Krisis Program Makan Bergizi Gratis: Banyak Korban dan Kekacauan yang Menghiasi
Program nasional Makan Bergizi Gratis (MBG) yang diinisiasi oleh Presiden Prabowo Subianto kini menghadapi krisis besar. Berbagai kasus keracunan massal muncul di berbagai wilayah, menyebabkan ribuan anak terkena dampaknya. Hal ini memicu respons dari pejabat Badan Gizi Nasional (BGN), termasuk permintaan maaf yang disampaikan secara emosional. Di tengah situasi ini, data korban yang tidak jelas dan pengakuan tentang standar higienis dapur yang rendah semakin memperburuk keadaan.
Permintaan Maaf Wakil Kepala BGN
Dalam konferensi pers yang diadakan di Jakarta pada Jumat 26 September 2025, Wakil Kepala BGN, Nanik Sudaryati Deyang, menyampaikan permintaan maaf terbuka atas peristiwa yang terjadi. Ia menunjukkan rasa sedih yang mendalam saat melihat video-video yang menampilkan para siswa yang terkena dampak keracunan. Dalam pernyataannya, ia mengungkapkan bahwa niat awal dari program ini adalah untuk memastikan pemenuhan gizi bagi generasi muda. Namun, ia mengakui adanya masalah besar yang harus segera diperbaiki. Nanik juga berjanji akan melakukan perbaikan menyeluruh, termasuk membuka mekanisme pengawasan publik terhadap dapur MBG.
Status KLB di Daerah dan Data Korban yang Simpang Siur
Kekhawatiran publik semakin meningkat dengan adanya status Kejadian Luar Biasa (KLB) di beberapa daerah. Kabupaten Bandung Barat telah menetapkan status KLB setelah mencatat 1.315 siswa yang terkena keracunan. Diikuti oleh Kabupaten Mamuju, Sulawesi Barat, meskipun jumlah korban lebih sedikit. Sementara itu, di Sumedang, Jawa Barat, korban keracunan meningkat tajam menjadi 164 orang dalam dua hari. Di Makassar, warga bahkan melakukan unjuk rasa setelah menemukan makanan MBG yang dibagikan dalam kondisi busuk dan bahkan mengandung belatung.
Di tengah krisis ini, data resmi korban menjadi kontroversial. BGN mencatat 4.711 korban keracunan hingga 22 September. Namun, Jaringan Pemantau Pendidikan Indonesia (JPPI) melaporkan angka yang jauh lebih tinggi, yaitu 6.452 kasus per 21 September.
Kontroversi Kepala BGN
Kontras dengan respons emosional Nanik, Kepala BGN Dadan Hindayana menuai kritik karena dianggap meremehkan situasi. Dalam pernyataannya pada 22 September, Dadan fokus pada angka statistik program, bukan jumlah nyawa yang terdampak. Ia menyatakan bahwa sampai hari ini BGN sudah membuat 1 miliar porsi makan. Pernyataan ini dinilai oleh publik sebagai mengabaikan trauma dan keselamatan ribuan siswa.

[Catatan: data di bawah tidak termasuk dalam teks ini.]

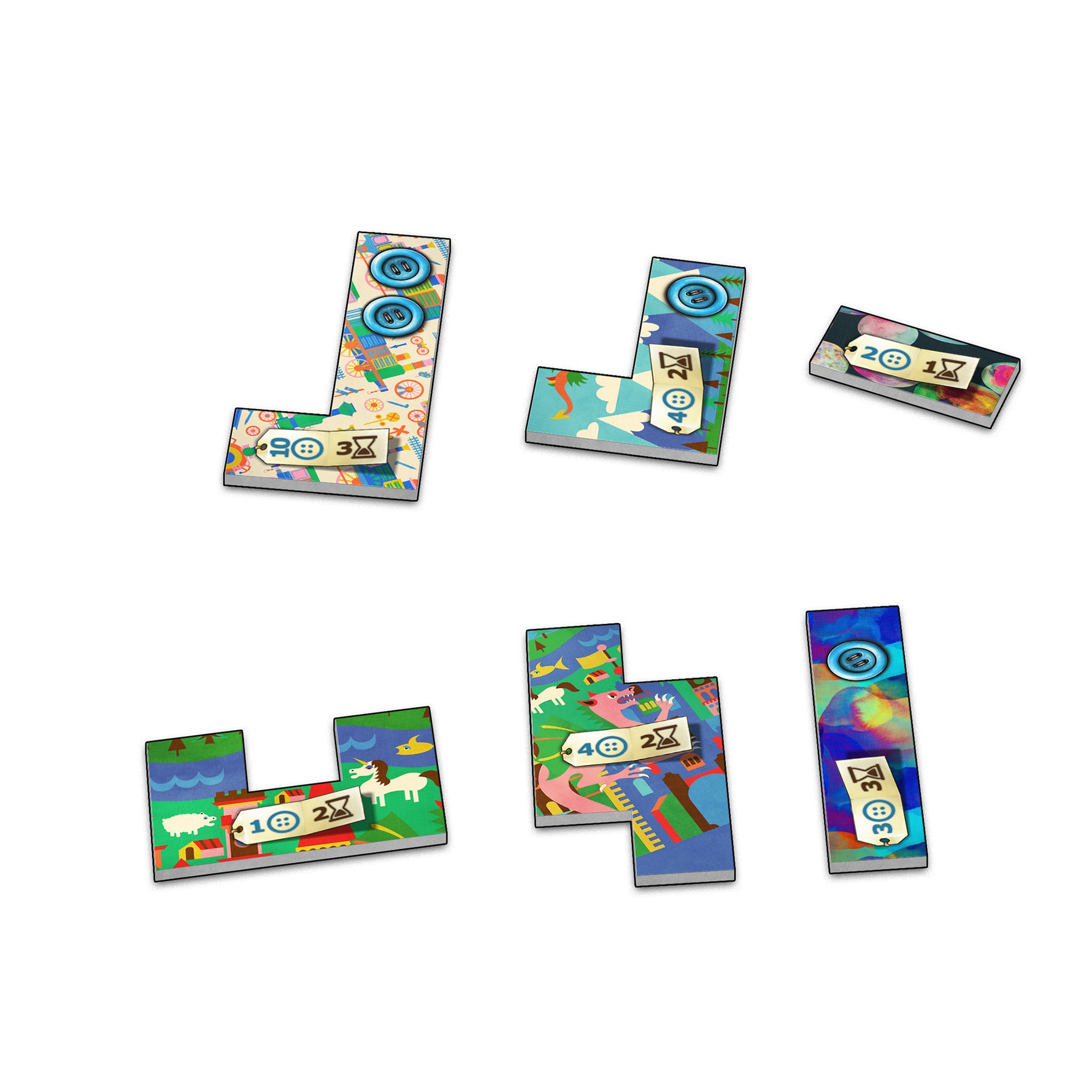 Patchwork Board Game Revised Edition – Asmodee USA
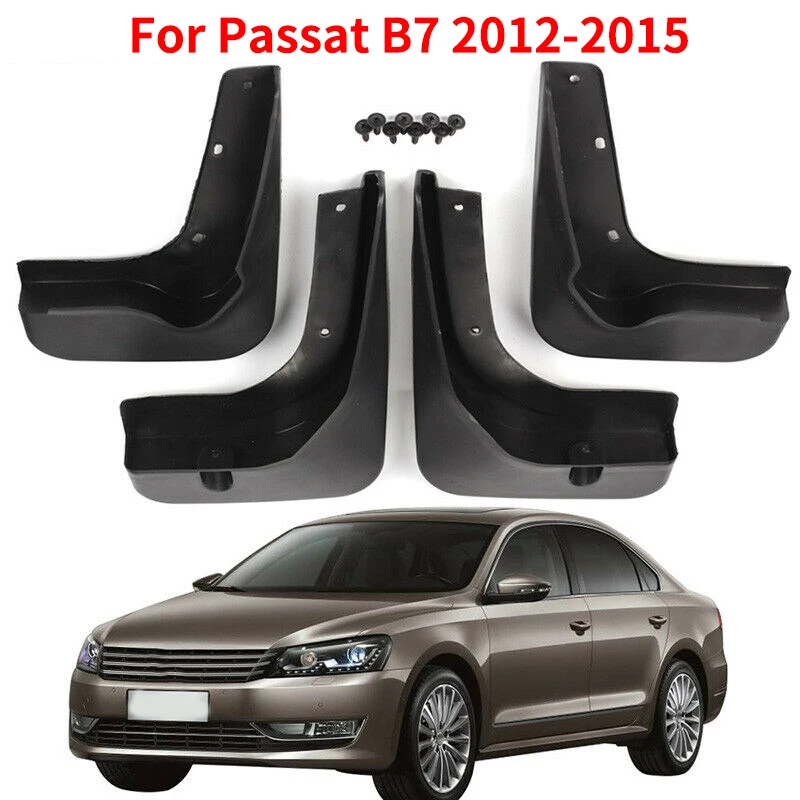 Брызговики для VW Passat B7 2012- крыло полная защита брызговики 4 шт брызговик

Standar Keamanan Dapur yang Mengkhawatirkan
Krisis keamanan pangan ini berasal dari lemahnya persiapan program. Kepala Staf Kepresidenan, Kodari, mengungkap fakta yang mencengangkan: hanya 34 dari 8.583 dapur MBG di seluruh Indonesia yang memiliki sertifikat higienis dan sanitasi dari Kementerian Kesehatan. Fakta ini memperjelas mengapa desakan untuk menghentikan sementara (moratorium) program MBG semakin menguat. Banyak pihak menilai pemerintah terlalu terburu-buru melaksanakan program unggulan ini—yang dianggarkan mencapai Rp35 triliun untuk tahun depan—tanpa kesiapan infrastruktur dan standar keamanan pangan yang memadai.
Program Unggulan Presiden Prabowo
MBG merupakan salah satu program unggulan Presiden Prabowo Subianto, dengan anggaran Rp35 triliun untuk tahun depan. Program ini digadang sebagai investasi gizi untuk mencetak “Generasi Emas 2045”. Namun, dengan ribuan korban keracunan, sorotan publik kini beralih pada lemahnya pengawasan, buruknya distribusi, hingga dugaan minimnya standar keamanan.
Meski pemerintah masih bersikeras melanjutkan, kejadian luar biasa di berbagai daerah telah menimbulkan trauma, baik bagi anak-anak penerima program maupun orang tua mereka. Kini, publik menunggu langkah nyata pemerintah, apakah sekadar menyampaikan permintaan maaf, atau benar-benar melakukan evaluasi total demi keselamatan anak-anak Indonesia.